Russian terrorist attacks on a key infrastructure project: The city of Zaporizhzhia in Kiev, Ukraine, during the two-day October 11 attack

A series of explosions, including along a key bridge connecting Russia to Crimea, which it annexed in 2014, have put into question Russia’s ability to defend its own strategic infrastructure.

The significance of the strikes on central Kyiv, and close to the government quarter, cannot be overstated. Western governments should see it as a red line being crossed on this 229th day of the war.

The area around my office in Odesa remained quiet during the air raid sirens, with reports that three missiles and five drones were shot down. Normally, at this time of the day, nearby restaurants would be filled with customers and chatter of upcoming weddings and parties.

Just a few hours before Monday’s attacks, Zaporizhzhia, a southeastern city close to the largest nuclear power plant in Europe, was hit with multiple strikes on apartment buildings, mostly while people slept. At least 17 people were killed and several dozens injured.

After Russian missiles rained down on Ukrainian cities last week, Ukrainian President Volodymyr Zelensky said on a social networking site that another type of Russian terrorist attack was targeting energy and critical infrastructure. Since Oct. 10, 30% of Ukraine’s power stations have been destroyed, causing massive blackouts across the country.”

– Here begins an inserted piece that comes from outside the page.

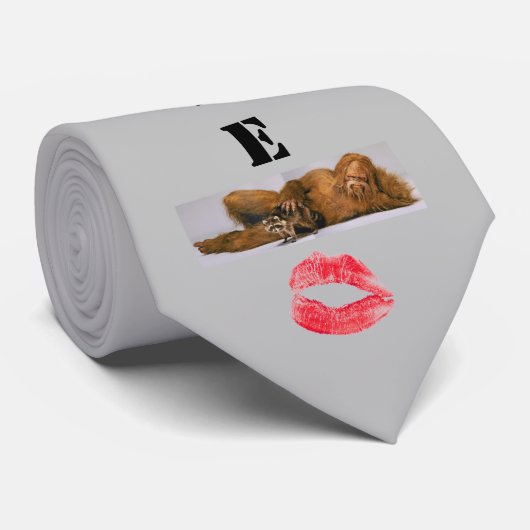 スクアッチタイ ネクタイ (ロール)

In the northeastern city of Kharkiv, which has seen more bombardments than Kyiv, residents shifted to war footing and stocked up on canned food, gas and drinking water. At the Typsy Cherry, they entertained themselves. The owner told The Times that the mood was cheerful. “People drank, had fun and wondered when the electricity will resume.” (Power came back hours later.)

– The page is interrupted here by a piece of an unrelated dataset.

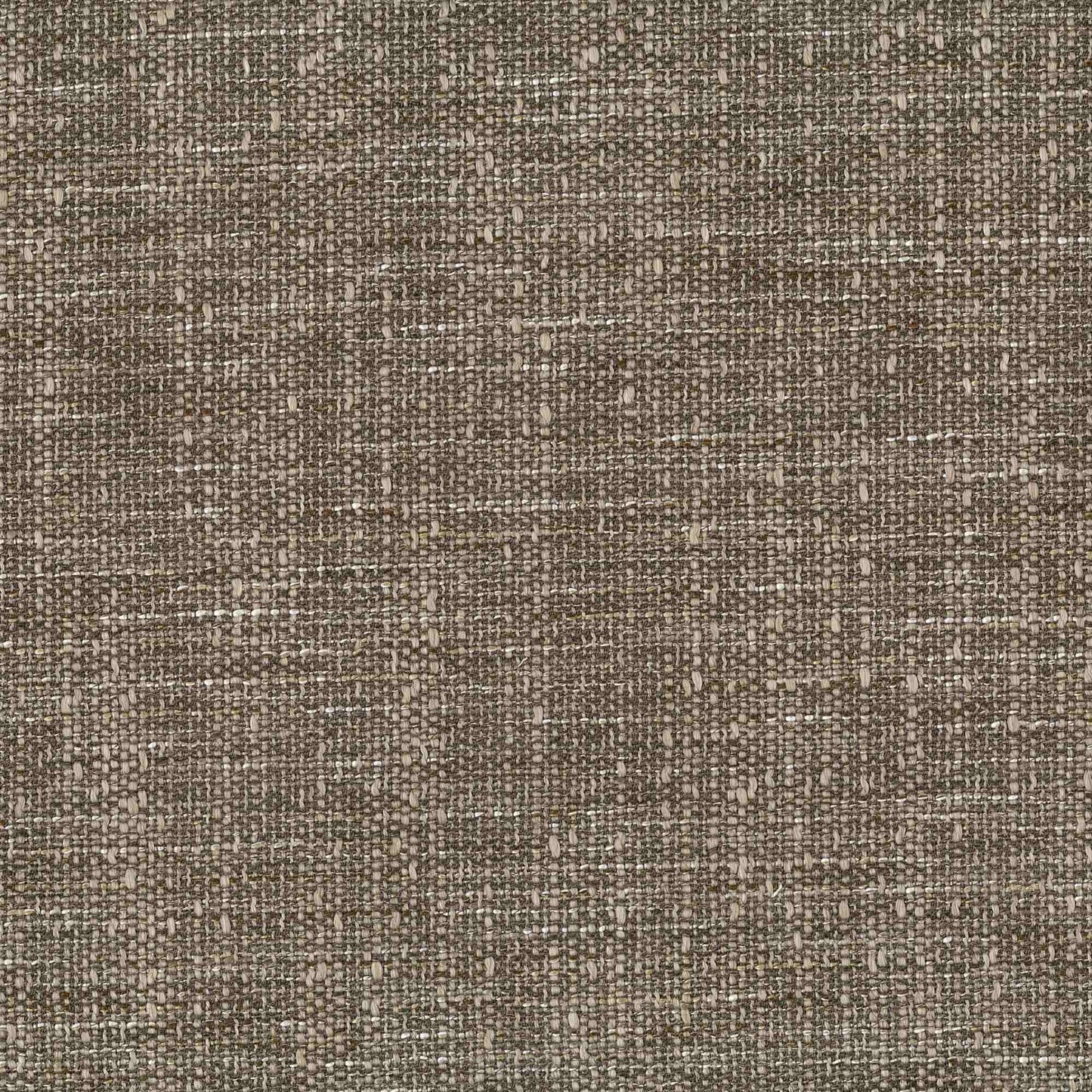 ZION BARK SAMPLE SAMPLE | MID RANGE COLLECTION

Businesses have been asked to switch work to online as much as possible, while millions of people will spend the majority of the day in bomb shelters, at the request of officials.

With so many asylum seekers returning to their home country, the attacks may cause another blow to business confidence.

Russia’s military bloggers were aghast. Russian journalist Sergey Mardan described a huge humiliation of Russia. An account on the Telegram app managed by Russian service members remarked with bitter sarcasm that “we are waiting in the Russian city of Kiev for the president of the Russian Federation, but not for the (President of the) United States.”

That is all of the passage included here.